Pynchonian Rorschach
David Casseres
casseres at apple.com
Mon Jul 7 13:39:56 CDT 1997
Henry sez
>Bu-ut I haven't haven't heard any reasonable argument
>against the suggestion that Pynchon's concern for historical accuracy
>has declined post-GR....
Well, as always I'll *try* to be reasonable....
Seems to me Gravity's Rainbow has not been subjected to the same kind of
fact-checking as Mason & Dixon, simply because it doesn't even remotely
appear to "historical fiction" while Mason & Dixon does, remotely. Has
anyone determined whether Mickey Rooney was *really* at Potsdam? Whether
the tunnels at Nordhausen were *really* in the shape of an SS insigne?
What the waters of the mouth of the Elbe, and the surrounding Baltic
coastline, are *really* like? Whether Herero tradition *really* uses an
aardvaark burrow as part of a healing/integration process? What *about*
those Soviet-driven alphabet reforms in Kirghizstan, eh?
In Gravity's Rainbow we eat up all that stuff with little concern for the
accuracy of those facts, being (silly us) absorbed in the literary
effect, which only depends on verisimilitude, not factuality. In Mason &
Dixon, we seem to be approaching with some kind of chip on our shoulder.

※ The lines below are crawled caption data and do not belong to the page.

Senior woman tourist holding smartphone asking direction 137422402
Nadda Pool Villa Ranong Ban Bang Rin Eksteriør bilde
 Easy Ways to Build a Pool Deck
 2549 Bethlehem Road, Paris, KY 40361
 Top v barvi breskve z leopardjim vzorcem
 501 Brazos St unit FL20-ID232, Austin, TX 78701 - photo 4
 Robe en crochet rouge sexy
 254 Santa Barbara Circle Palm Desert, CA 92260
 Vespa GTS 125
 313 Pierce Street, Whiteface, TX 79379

Well, Tom, you gave us Gravity's Rainbow and then disappointed us with
Vineland, what else can you show us? What's this, a *historical
novel???* OK, is the 18th Century language authentic? We can tell,
we're literate, literary Anglophones. Is the naval history correct? We
know, 'cause we can read O'Brian too. Is the Southern Africa history
correct, or the St. Helena stuff? Well, um, maybe, who nose? But that
American history! Aha, gotcha Tom, a lot of us are actually *Americans*
and we know this stuff! Literary effect? What literary effect?
I claim if the two novels were approached in the same way, the concern
for historical accuracy would turn out to be about the same, and about as
relevant to the literary intent of the two novels.